In February 2016, we welcomed artist Malala Andrialavidrazana to Cape Town for the second iteration of THAT ART FAIR, an initiative of ART AFRICA magazine. As one of our Featured Artists, she exhibited her dreamy cartographical compositions, inspiring viewers to question the mercurial nature of official narratives and categorical documentation, like maps, anthropological and scientific texts, and even currency. Critic and arts journalist, Ashraf Jamal, explores the nuances of Andrialavidrazana's vivid work.
Wilt thou know what wonders strange be in the land that late was found?
Wilt thou learn thy life to lead by divers ways that godly be?
Wilt thou of virtue and of vice understand the very ground?
Wilt thou see this wretched world, how full it is of vanity?
Penned in 1556, Cornelius Grapheus’ invitation stands at the cusp of Europe’s great modern era of exploration. Such was the passion for discovery, the zest for other-worldliness, that (in 1570) it would spawn the creation of Theatrum Orbis Terrarum or Theatre of the Countries of the World, the most popular and widely read publication of the sixteenth century. “Here was the world itself, with its many component parts,” writes Paul Binding, “and it was shown to be a place of extraordinary varieties and a singular whole.”
It is this fascination with inter-connectedness and difference which remains with us today.
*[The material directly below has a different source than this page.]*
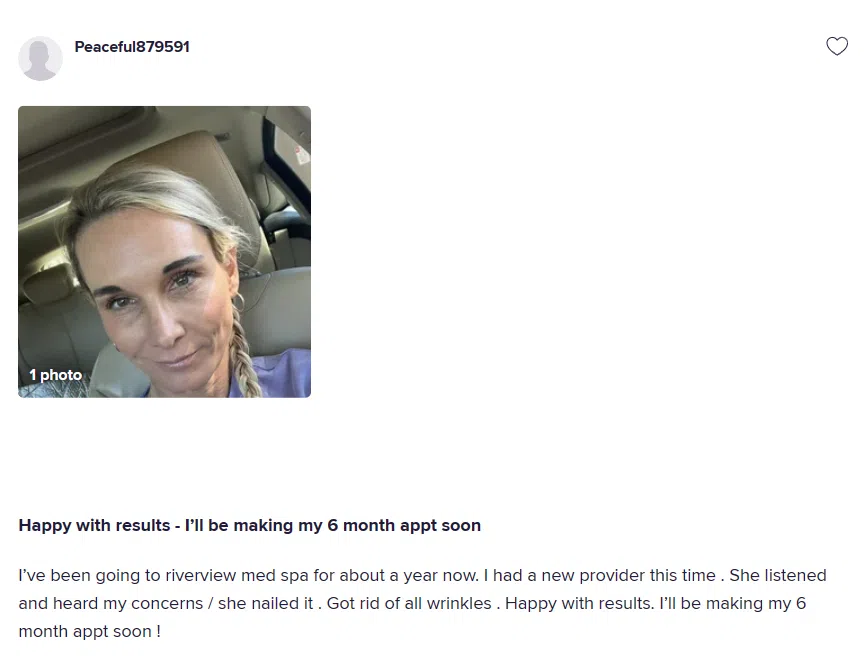 A testimonial from a patient who got Botox injections for their facial skin aging concerns.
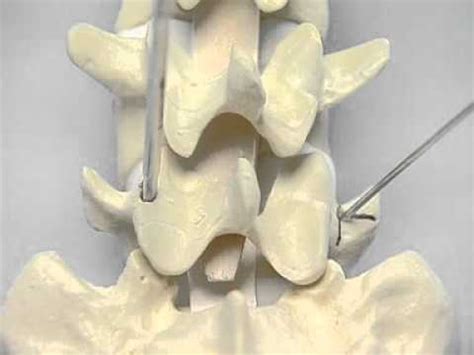 Pedicle Identification_spine surgery - YouTube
Ours is a globalised world; a world that still searches for some unifying Esperanto; a ‘theatre,’ still fragmented, despite all the talk of ‘a singular whole.’
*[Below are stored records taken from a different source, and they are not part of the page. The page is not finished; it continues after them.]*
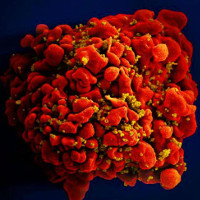 Ca nhiễm virus HIV được chữa khỏi thứ 3 trên thế giới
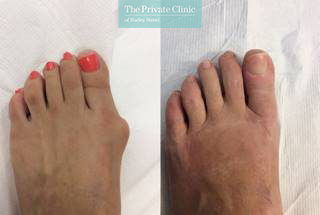 minimally invasive bunion surgery before after photo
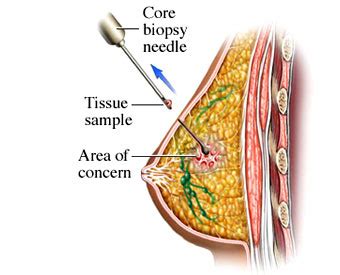 Breast cancer peau d'orange in the breast may be a symptom of inflammatory breast cancer. Breast Biopsy - what does it mean?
The Malagasy-born and Paris-based artist Malala Andrialavidrazana has made this paradox the core of her own cartographic explorations. “Cartography is both art and science as well as a powerful tool to control civilisations,” she sagely remarks. “When looking closely at maps and atlases, they are fascinating because of significant information they can offer within a specific period of time. They are not faithful representations of realities, but they sometimes convey strong ideas which are the keys to understanding historical narratives − this is a determining element in my selections.”
Like Grapheus and the creators of Theatrum Orbis Terrarum, Andrialavidrazana is all too aware of the fact that maps are dreaming tools, as incisive as they are deceptive and as strategic as they are corruptible and fantastical. Maps (even today) remain defining shape-shifters; the projections of ruthless economic, cultural and political pragmatics as well as the sheer lust for discovery. They are the ever-changing descriptors for our understanding of history and our place in the world.
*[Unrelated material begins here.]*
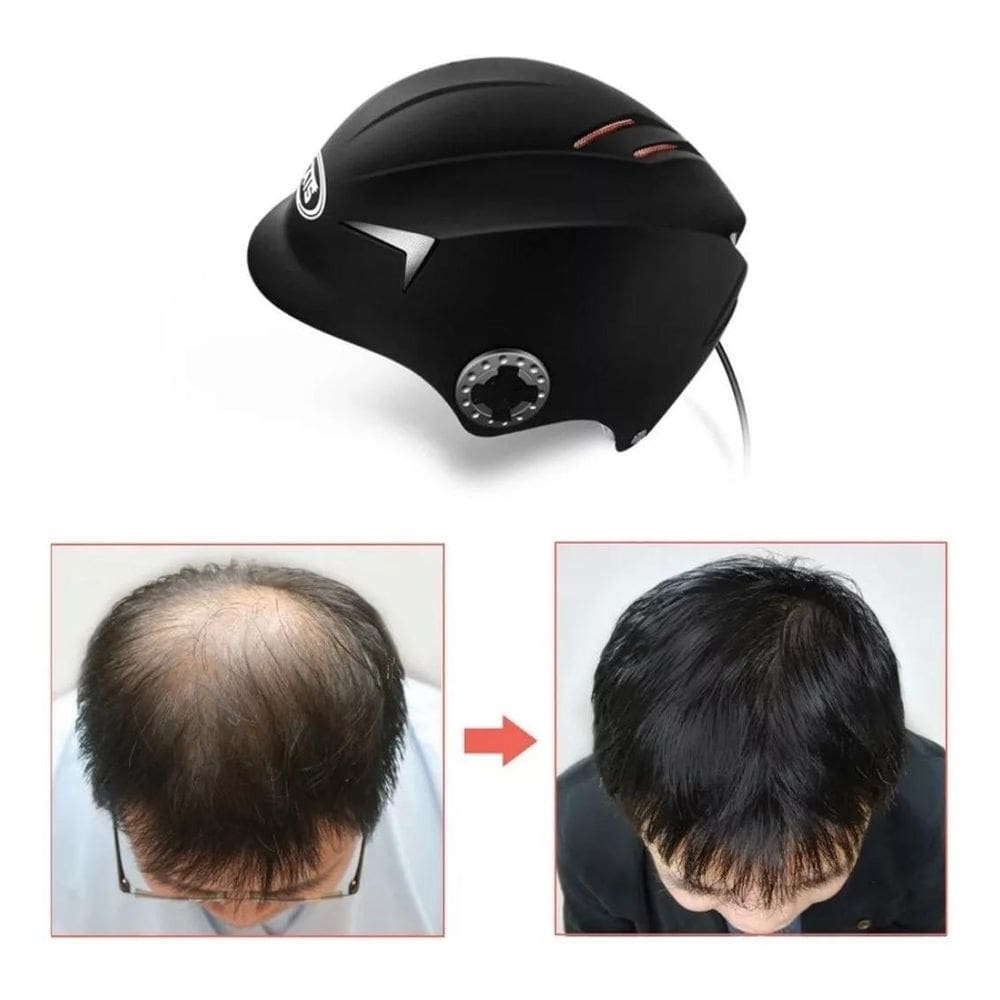 Capacete Laser Diodo Calvicie Tratamento Cabelo Antiquedaats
What makes Andrialavidrazana’s appropriation of this fictitious yet all-too-real cartographic form is her ability therein to rethink her mercurial place within it. “I don’t limit my works to specific areas,” she says. Her most recent works focus upon ‘a globalised world,’ however, “there are compositions displaying continents independently.”
The artist’s interest in the ‘counterfeit’ nature of mapping is rich. Not only does she embrace cartography’s mix of fancy and science, she also, in her process of photographing and interfacing these surfaces with those of banknotes, confronts ‘the rules against counterfeit’ built into the scanning of money. Hence the importance of the camera lens, her primary mode of transcription and realignment, for what Andrialavidrazana is doing is adding to and rethinking the points and vectors of location and power in our global imaginary.
If trade routes play an important part in our sense of history, as do migration and the randomness of location, it is because of the significance of navigators and explorers without whom the world could not have taken the physical and ideological shape it has. “They were sources of true and false information in the representation of different territories and they also brought up many preconceptions and stereotypes about different cultures which remain in our collective imagination,” Andrialavidrazana pointedly remarks. “The more they travelled, the more the world was depicted from their point of view.”
Perceptions are never innocent, which is why Andrialavidrazana gives us many perspectives. Thoroughly contemporary, hers is also an age-old diasporic vision. For no matter how avidly we cling to our small certainties of belonging, we are always on the move. Wilt thou see this wretched world, how full it is of vanity?
Ashraf Jamal is a Cape Town-based cultural analyst, writer and educator. He is the former editor of ARTsouthAFRICA and currently lectures in Film and Media Studies at Cape Peninsula University of Technology (CPUT).